Alf Freddy Clark, Applicant-Appellant v. State of Iowa
15-1280
| Iowa Ct. App. | Jun 7, 2017Background
- Alf Clark was convicted in 2000 and sentenced to concurrent prison terms; the sentencing order required him to reimburse attorney fees to the extent he was reasonably able to pay.
- Supplemental restitution orders (2000–2002) required payments of 20% of institutional account credits and increased attorney-fee amounts; Clark paid under that plan for ~15 years.
- In December 2014 Clark filed motions (in the criminal case and in an existing PCR matter) challenging restitution, seeking an evidentiary hearing and return of funds.
- A restitution hearing occurred April 27, 2015; the district court denied Clark’s motions in July 2015 (PCR) and May 2016 (criminal), finding he had a reasonable ability to pay and the payment plan (20% of account credits) was not excessive.
- Clark appealed, arguing (1) the court abused its discretion by finding he had a reasonable ability to pay while incarcerated, (2) the restitution order lacked an explicit on-the-record finding of ability to pay (entitling him to return of funds), and (3) excessive amounts were being withheld under civil-judgment enforcement standards.
Issues
| Issue | Plaintiff's Argument | Defendant's Argument | Held |
|---|---|---|---|
| Whether Clark has a reasonable ability to pay restitution | Clark: incarceration and low institutional wages show no reasonable ability to pay | State: statute authorizes payroll deductions; Clark had notice, a payment plan tied to 20% of account credits, and paid for 15 years | Court: No abuse of discretion; ability assessed by current installment ability, not total balance; Clark failed to prove inability to pay |
| Whether absence of an explicit on-the-record finding of ability to pay invalidates order and requires return of funds | Clark: lack of an explicit finding requires invalidation and return of all payments | State: precedent permits remand for consideration of ability to pay; Clark cites no authority for ordering return of funds | Court: Denied; no authority for full return; court had afforded a hearing and reconsideration and did not err |
| Whether amounts withheld were excessive under civil-judgment enforcement standards | Clark: amounts withheld from account were excessive under civil standards | State: issue was not presented/ruled below | Court: Not preserved for appellate review; omitted from decision |
| Whether timing/tardiness of supplemental restitution orders warrants relief | Clark: late entry of supplemental orders and incarceration make them unfair | State: Timeliness not a basis if defendant had notice and chance to be heard | Court: Timing alone insufficient; notice and opportunity to challenge satisfy fairness |
Key Cases Cited
- State v.
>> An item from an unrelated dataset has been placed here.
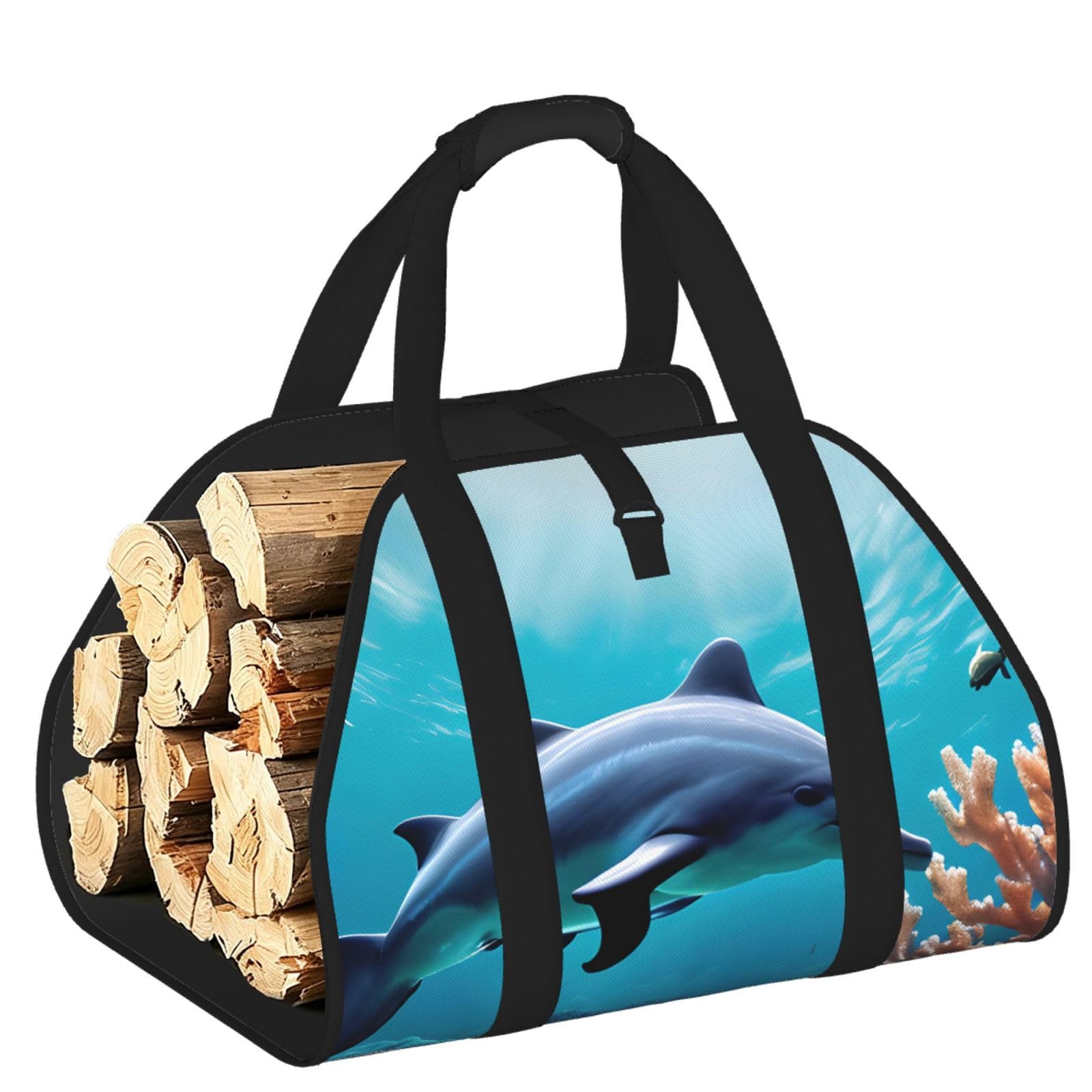 Beautiful Underwater World Dolphins Coral Printed Firewood Carrier Bag, Log Tote with Open-Ended Design for Camping Outdoor Wood Hauling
Kurtz, 878 N.W.2d 469 (Iowa Ct. App.) (defendant bears burden to show court failed to exercise or abused discretion about ability to pay)
- State v. Van Hoff, 415 N.W.2d 647 (Iowa 1987) (reasonableness for incarcerated defendants focuses on ability to pay current installments)
- State v. Hagen, 840 N.W.2d 140 (Iowa 2013) (standard of review for restitution orders: findings must have substantial evidentiary support and law be properly applied)
- State v. Bonstetter, 637 N.W.2d 161 (Iowa 2001) (framework for reviewing restitution orders)
- State v. Blank, 570 N.W.2d 924 (Iowa 1997) (defendant bears burden when challenging restitution)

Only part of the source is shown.